That's fairly broad, but thanks for the question. It's really critical.
One of the challenges we face as farmers is that the Canadians we would like to employ typically do not live where the farms are. That's one of the first challenges we have. We don't have a lot of people available locally. The seasonal agricultural worker program, which was started here, has been around for over 50 years. It recognized that. Previously we had waves of immigrants come to this country, and typically they would go and work on farms. As they got older and retired, their children typically worked in town. We haven't had that in quite some time.
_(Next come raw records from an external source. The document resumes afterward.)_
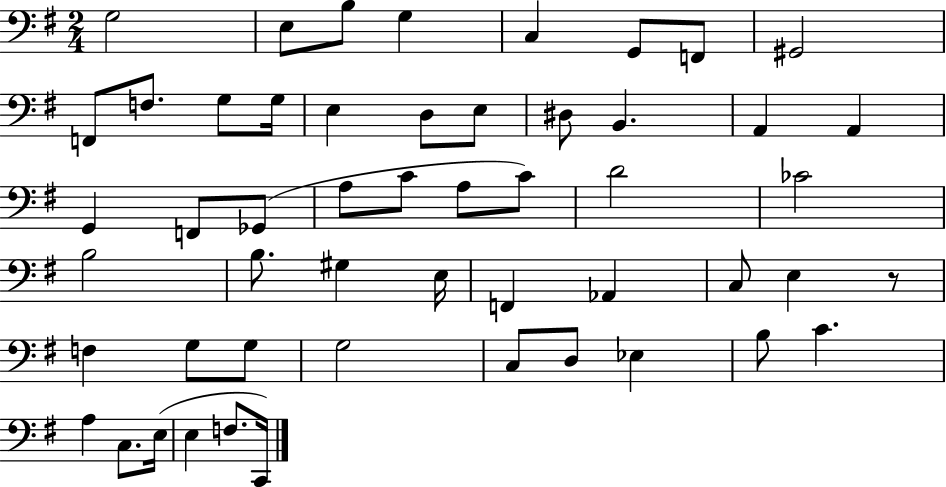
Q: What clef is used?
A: bass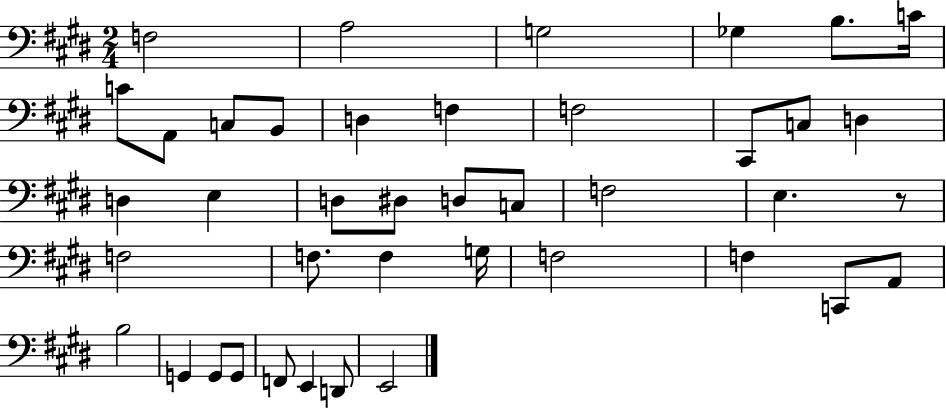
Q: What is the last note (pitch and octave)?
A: E2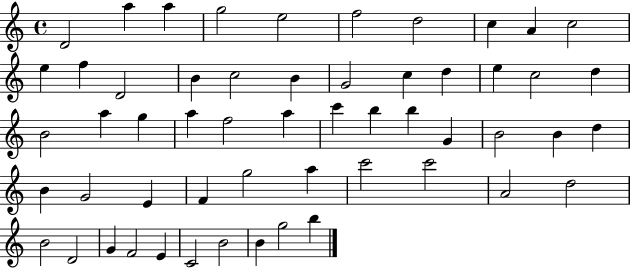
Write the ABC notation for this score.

X:1
T:Untitled
M:4/4
L:1/4
K:C
D2 a a g2 e2 f2 d2 c A c2 e f D2 B c2 B G2 c d e c2 d B2 a g a f2 a c' b b G B2 B d B G2 E F g2 a c'2 c'2 A2 d2 B2 D2 G F2 E C2 B2 B g2 b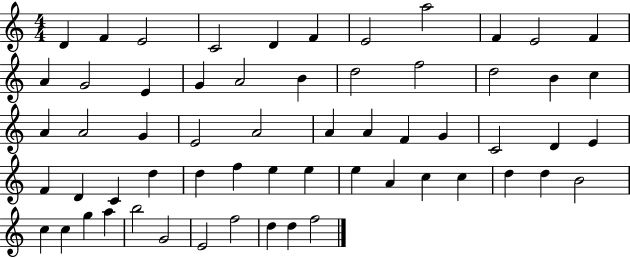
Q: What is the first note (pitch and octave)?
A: D4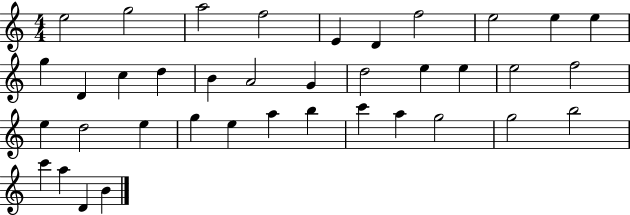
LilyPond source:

{
  \clef treble
  \numericTimeSignature
  \time 4/4
  \key c \major
  e''2 g''2 | a''2 f''2 | e'4 d'4 f''2 | e''2 e''4 e''4 | \break g''4 d'4 c''4 d''4 | b'4 a'2 g'4 | d''2 e''4 e''4 | e''2 f''2 | \break e''4 d''2 e''4 | g''4 e''4 a''4 b''4 | c'''4 a''4 g''2 | g''2 b''2 | \break c'''4 a''4 d'4 b'4 | \bar "|."
}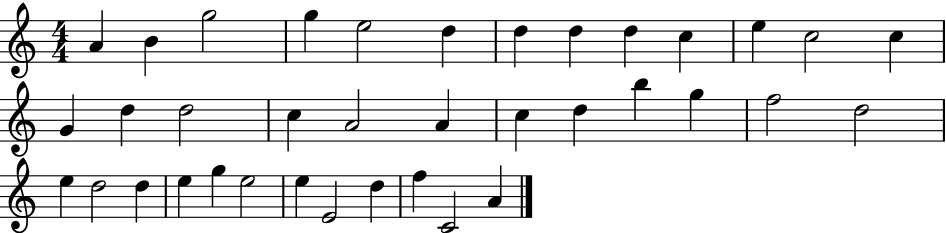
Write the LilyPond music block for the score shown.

{
  \clef treble
  \numericTimeSignature
  \time 4/4
  \key c \major
  a'4 b'4 g''2 | g''4 e''2 d''4 | d''4 d''4 d''4 c''4 | e''4 c''2 c''4 | \break g'4 d''4 d''2 | c''4 a'2 a'4 | c''4 d''4 b''4 g''4 | f''2 d''2 | \break e''4 d''2 d''4 | e''4 g''4 e''2 | e''4 e'2 d''4 | f''4 c'2 a'4 | \break \bar "|."
}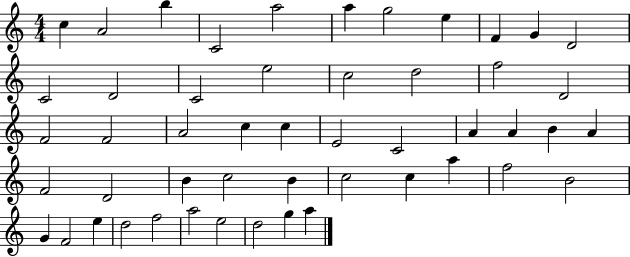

We're accessing every group in society we can in farms—women on farms, the indigenous community where they're nearby and localized. That's one of the things CAHRC has done. We've also worked with the organizations that are bringing in immigrants, trying to let them know that there are some good jobs on farms, and also with youth. This is one of the big concerns we have with these proposed changes. The group we are trying to attract back to the farm is generally the 18- to 24-year-old group. That aspect of the reasonableness test has us really concerned. Typically on a farm operation you may have no employees except at harvest time and planting time. Those are probably the two key periods in most farming operations. You may need the kids to come home. You may be working around the clock. You may be working under weather restrictions. You may have no employees the rest of the time, and yet the comment we've heard from Finance is that the expectation will be that if an 18- to 24-year-old is going to get remuneration, as dividends or whatever, they'll have to be employed kind of Monday to Friday or on a full-time basis year-round. That's not the farm type of employment. We are very seasonal, oriented to a very specific time period.
That's a challenge that we face. The intergenerational transfer issue obviously is huge, because probably three-quarters of those 220,000 farms change hands routinely. We're probably the one sector of the economy where that's the greatest issue. Most farmers are not getting any younger: $50 billion in farm assets is going to need to change hands in the not-too-distant future.